**EXERCISE GOAL:** Would you print the lines below exactly, beginning at the line that has "Summer Women's Striped" and stopping after the line that has "Golden Radiance women’s"? Only those lines, and no pictures.

**INFORMATION:**

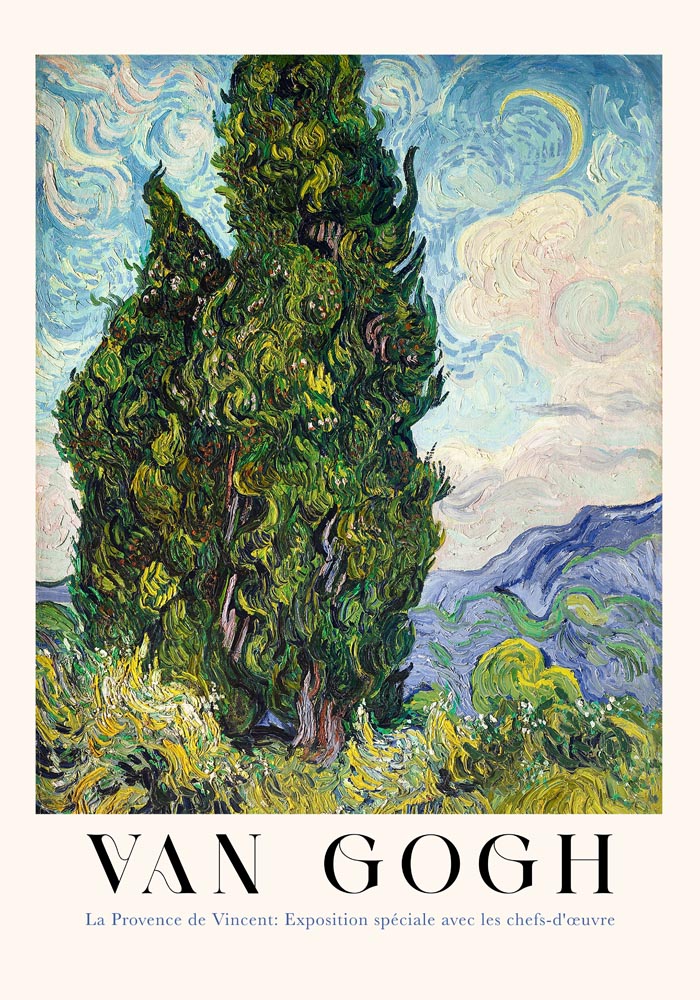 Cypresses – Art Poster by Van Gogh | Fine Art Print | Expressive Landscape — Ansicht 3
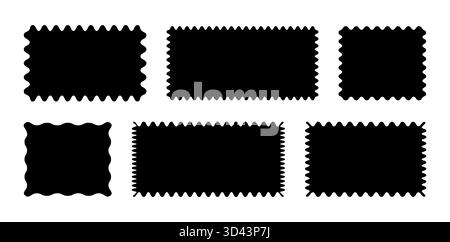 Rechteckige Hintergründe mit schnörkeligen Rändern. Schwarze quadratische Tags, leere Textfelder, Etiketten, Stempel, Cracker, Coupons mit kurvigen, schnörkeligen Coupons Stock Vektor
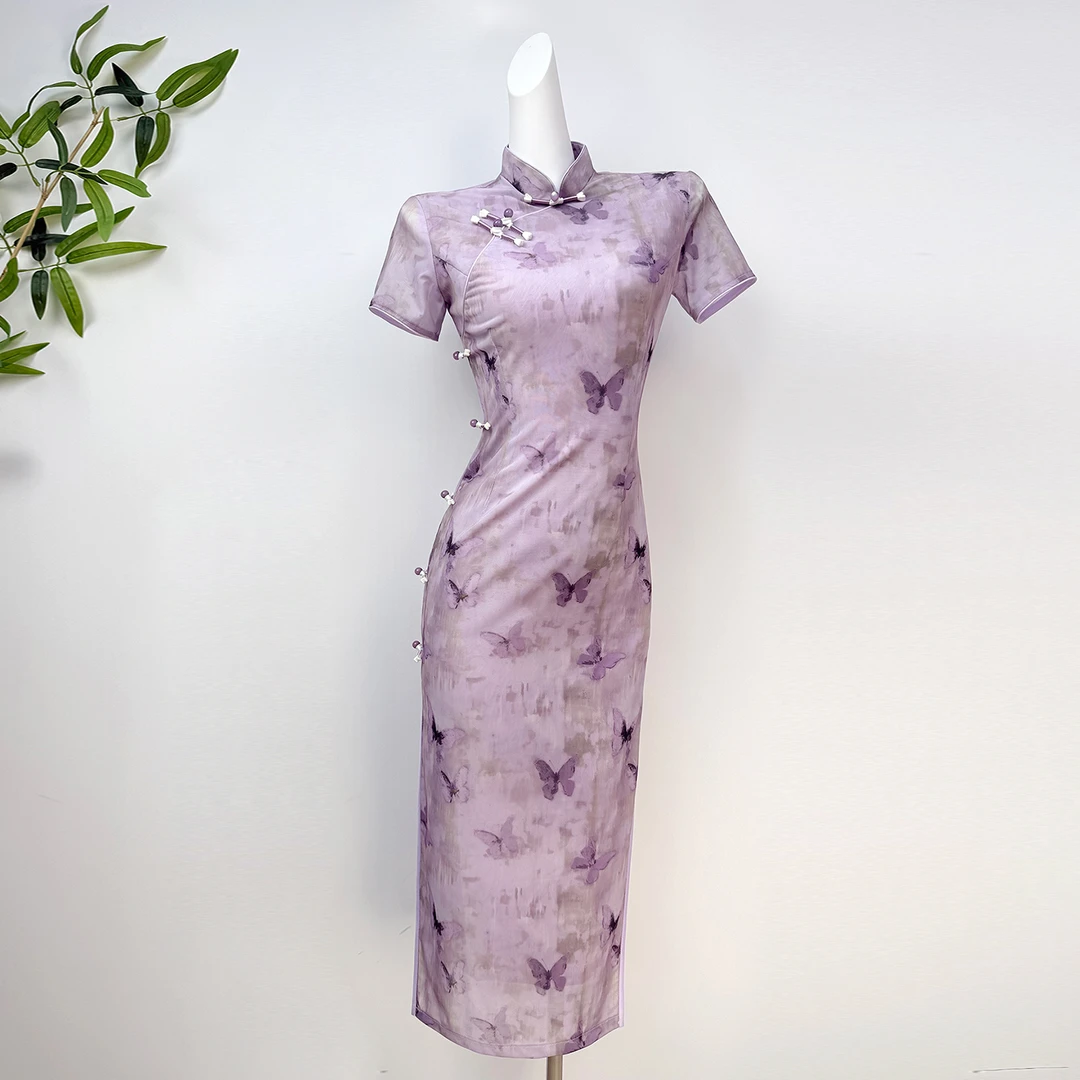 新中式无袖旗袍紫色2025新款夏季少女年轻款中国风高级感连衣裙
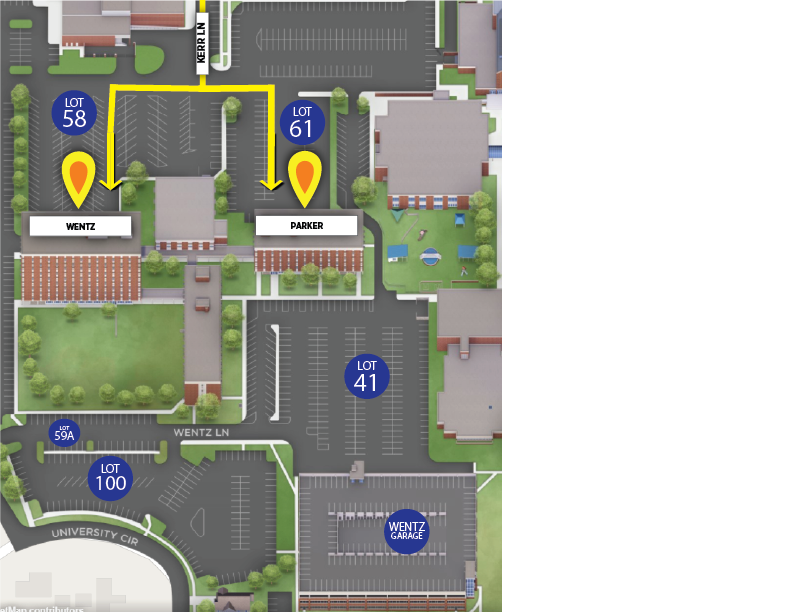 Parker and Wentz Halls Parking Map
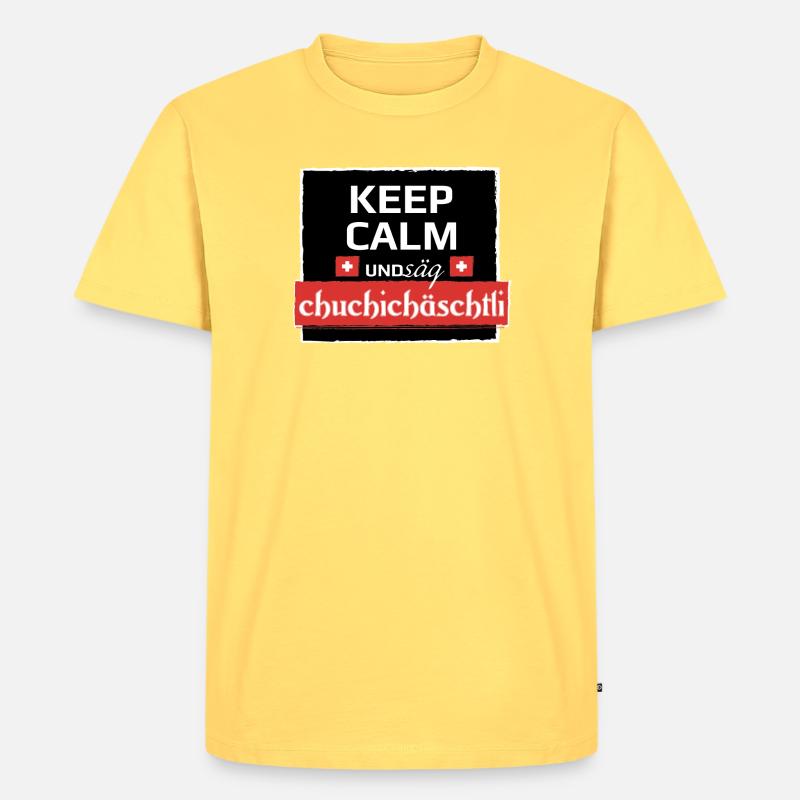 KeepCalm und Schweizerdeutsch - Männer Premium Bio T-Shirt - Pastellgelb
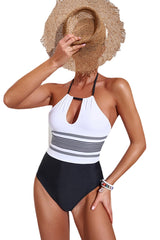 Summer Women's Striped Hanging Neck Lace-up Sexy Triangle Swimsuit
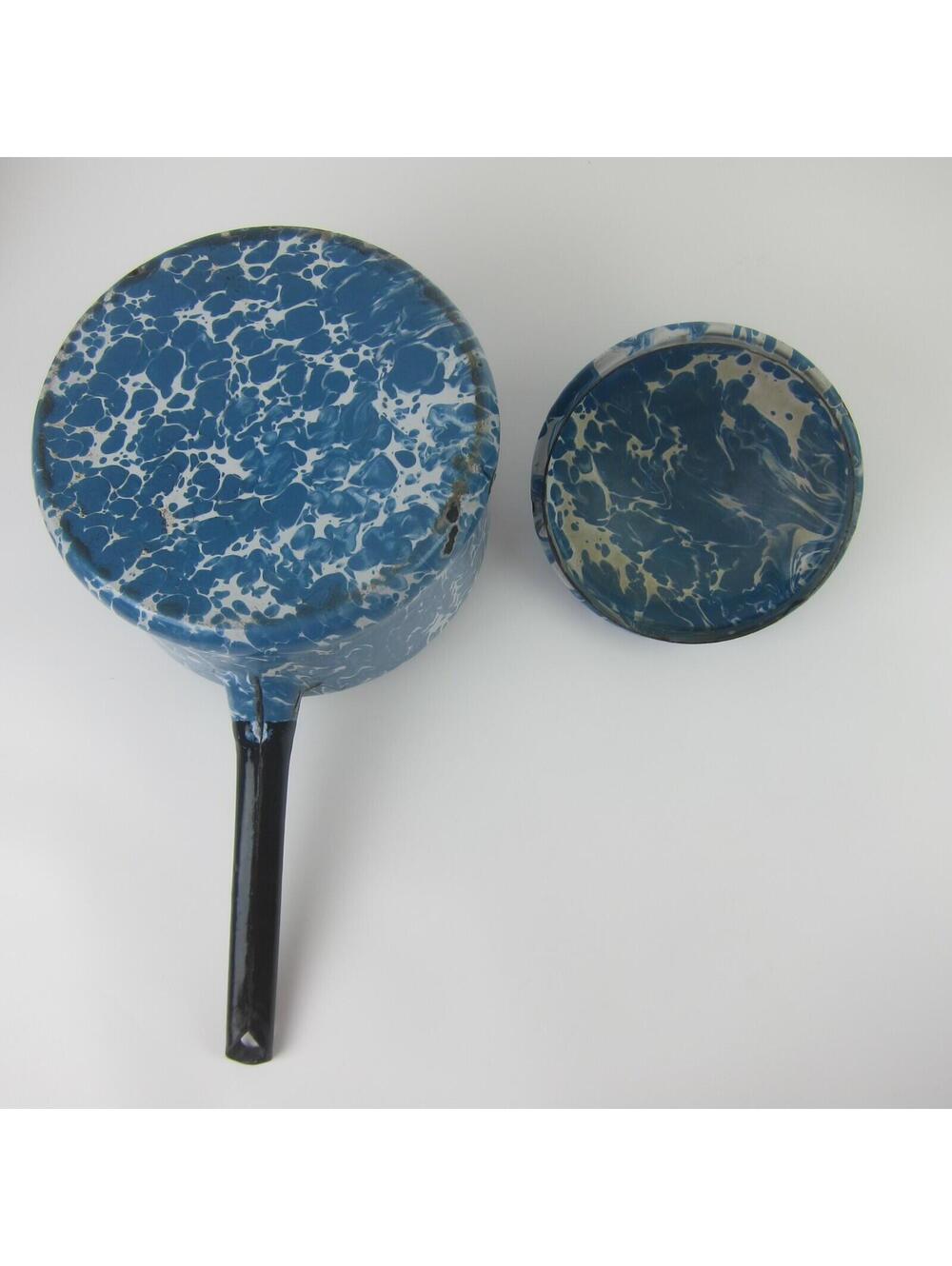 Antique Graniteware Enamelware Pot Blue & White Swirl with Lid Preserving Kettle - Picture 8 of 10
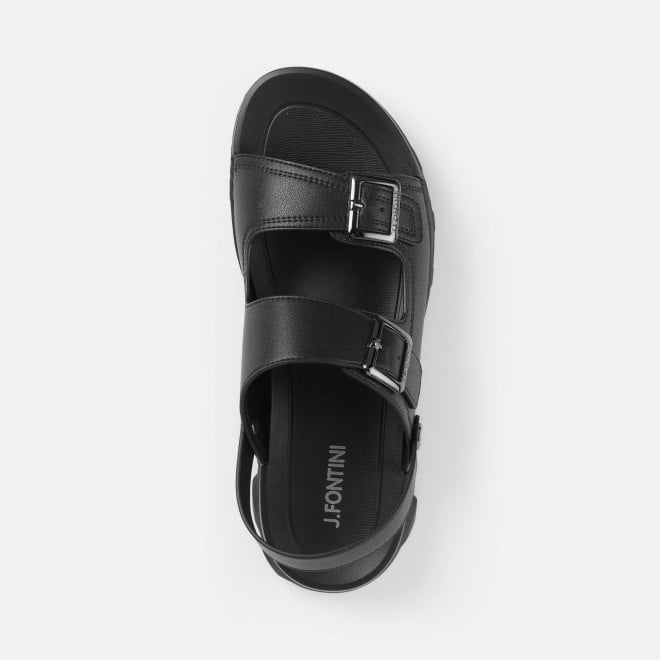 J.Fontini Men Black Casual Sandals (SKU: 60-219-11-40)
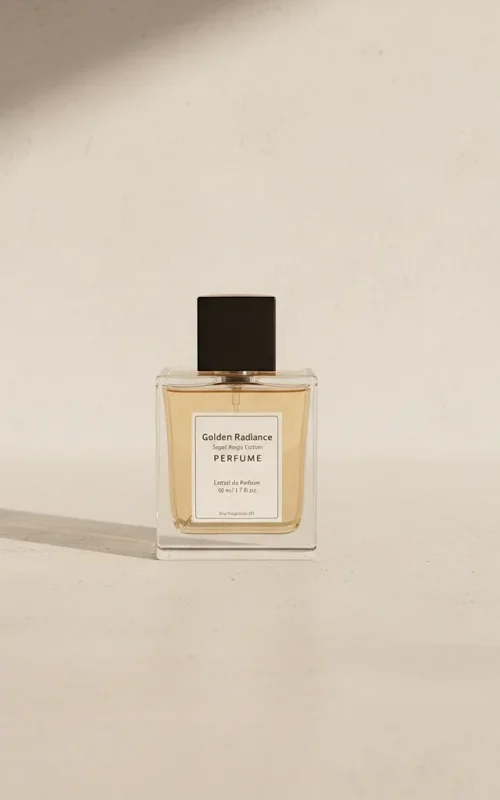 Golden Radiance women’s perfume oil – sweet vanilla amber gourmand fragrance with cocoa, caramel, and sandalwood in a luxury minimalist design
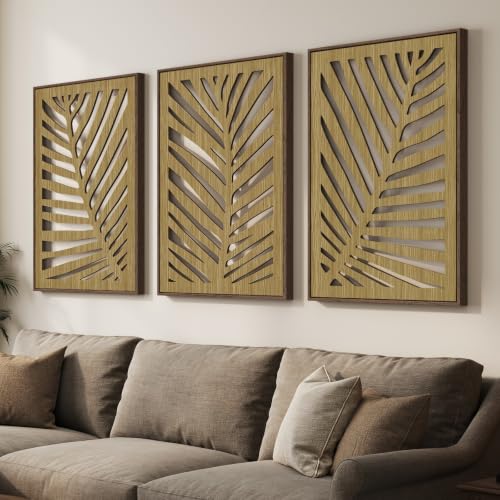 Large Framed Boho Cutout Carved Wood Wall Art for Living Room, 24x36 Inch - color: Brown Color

**RESULT:**
 Summer Women's Striped Hanging Neck Lace-up Sexy Triangle Swimsuit
 Antique Graniteware Enamelware Pot Blue & White Swirl with Lid Preserving Kettle - Picture 8 of 10
 J.Fontini Men Black Casual Sandals (SKU: 60-219-11-40)
 Golden Radiance women’s perfume oil – sweet vanilla amber gourmand fragrance with cocoa, caramel, and sandalwood in a luxury minimalist design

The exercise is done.